As early as 1710, the modest pamphlet that grew to be the bestselling book of the eighteenth century, Onania: or, The Heinous Sin of Self-Pollution, and all its Frightful Consequences in Both Sexes, Considered, warned against solo sexual activity. Yes, sex for Georgians was fraught with moral peril and the best approach was to grit your teeth, think of England, and try not to enjoy it because this was all about procreation and duty.
A brief glimpse of fashions during the first couple of decades of the nineteenth century shows women’s clothes evolving from diaphanous muslins with high waists to shaped bodices and puffy sleeves and lowering waistlines, with a shape dictated by corsets and a gradual restriction of movement.

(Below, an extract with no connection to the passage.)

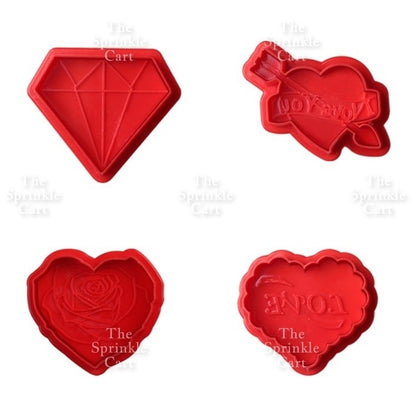 Fondant Plunger Cutter Butterfly Cutter Plunger Snowflakes Daisy Flower Cutter Plunger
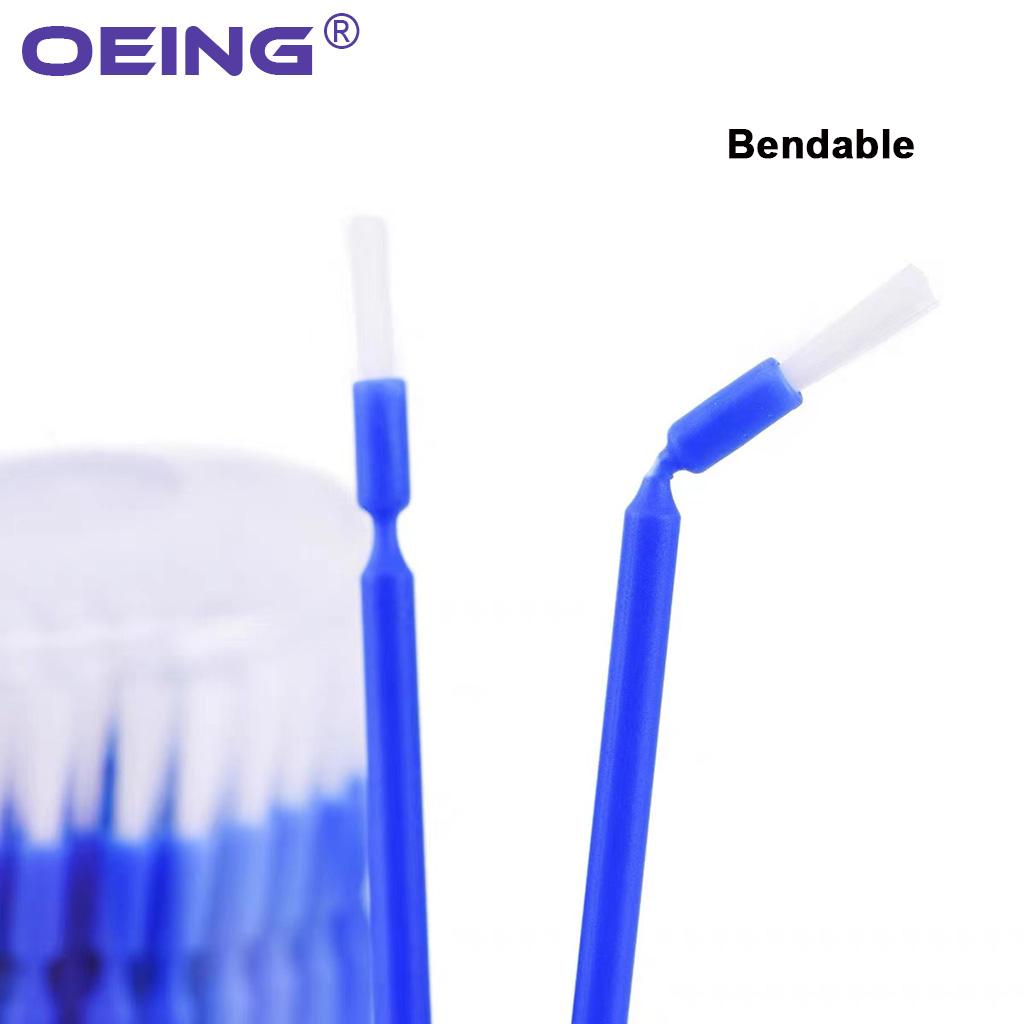 OEING 100PCS/Bottle Dental Disposable Micro Brushes Bendable Long Shank Applicators Brush Odontologia Makeup Cleaner tool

Yes, indeed, dear Mama did appear half naked in public, just like the sensibly dressed young ladies in the cartoon.
Thackeray’s Vanity Fair, published in 1847-48, was illustrated by the author who showed his characters dressed in “contemporary” clothes.
Tastes had changed, as Thackeray explained:
It was the author’s intention, faithful to history, to depict all the characters of this tale in their proper costume, as they wore them at the commencement of this century…I have not the heart to disfigure my heroes and heroines by costumes so hideous; and have, on the contrary, engaged a model of rank dressed according to the present fashion.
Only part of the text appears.